# Finding German Shepherd In PA



## Kcdivine (Nov 8, 2013)

I am looking for a german shepherd put live right outside puppy mill capital Landcaster PA so not sure where any good breeders are???


----------



## Jax08 (Feb 13, 2009)

Depends on on what you are looking for in a dog. If working line, Art Shaw at Zahnburg just bred Freddie and I think Lee (Wolfstraum) is planning on breeding soon?


----------



## onyx'girl (May 18, 2007)

I'd go visit some clubs and make contacts, very few(if any) puppy mill breeders train or go to clubs!


----------



## Kcdivine (Nov 8, 2013)

working line just as pet no showing


----------



## DogOWNR (Sep 24, 2013)

If you are interested in a rescue, let me know and I will provide the rescue's name. They are a GSD rescue where I got my GSD/Lab mix.


----------



## Kcdivine (Nov 8, 2013)

been looking at rescues also


----------



## Renofan2 (Aug 27, 2010)

Two club members have litters right now:

Jim Kunze - von kunzewald kennels. I think he has one female left. They are about 5 weeks old

Real k9 solutions - Steve Lavalle - has a litter about 2 weeks old. 

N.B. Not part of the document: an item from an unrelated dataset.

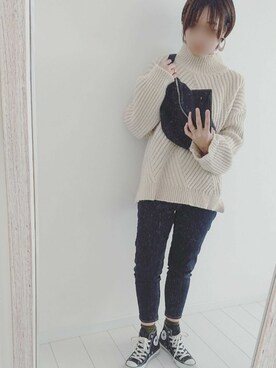 「アイラブCONVERSE」｜SAeさん（レディース・157cm）の秋コーディネート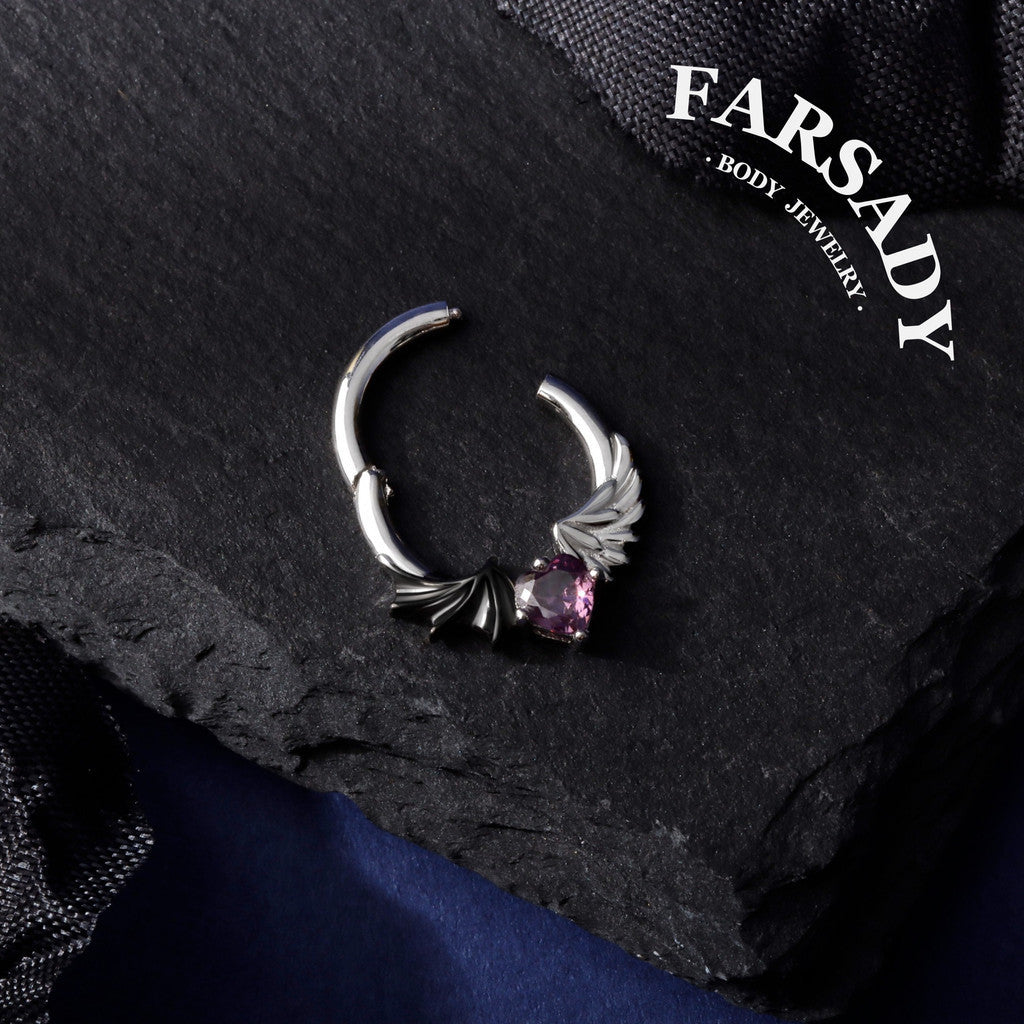 S925 Silver Purple CZ Heart Septum Ring 16G Angel Devil Design Hinged Daith Ear Hoop Gothic Style Body Piercing Jewelry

Jim K is in North Wales, Pa area and Steve is in NJ.

Art Shaw - near Gettysburg (von der Zahnburg Kennels has a really nice breeding. Pups are due around Christmas.

All three breeders are great to deal with and work their dogs. 

Cheryl


----------



## JayFoxFire (Sep 20, 2013)

Go here: German Shepherd Breeder in New Jersey. Puppies and trained German Shepherd Dogs for sale.
That's where we got my puppy from!


----------



## JayFoxFire (Sep 20, 2013)

Kcdivine said:


> I am looking for a german shepherd put live right outside puppy mill capital Landcaster PA so not sure where any good breeders are???


Go here: German Shepherd Breeder in New Jersey. Puppies and trained German Shepherd Dogs for sale.
That's where we got my puppy from!


----------



## G-burg (Nov 10, 2002)

Get in touch with Lee @ Wolfsraum Kennels.. She frequents this board.. A friend of hers has a litter of pups on the ground... Supposed to be really nice..


----------



## dboyd527 (Aug 16, 2013)

You can look into Jerry Mace at Mace's Malinois & German Shepherds is a breeder, trainer and seller of Pedigree Belgian Malinois puppies, German Shepherd pups, German Shepherd and Belgium Malinois adult dogs, trained Personal Protection dogs, Millitary Service Dogs and Law Enforcem is great! We have a male all black from him and my sable females' parents are from there. Excellent breeder and trainer!


----------



## Kcdivine (Nov 8, 2013)

Thanks sent him a email


----------



## dboyd527 (Aug 16, 2013)

Awesome! Hope it works out and you find something!!


----------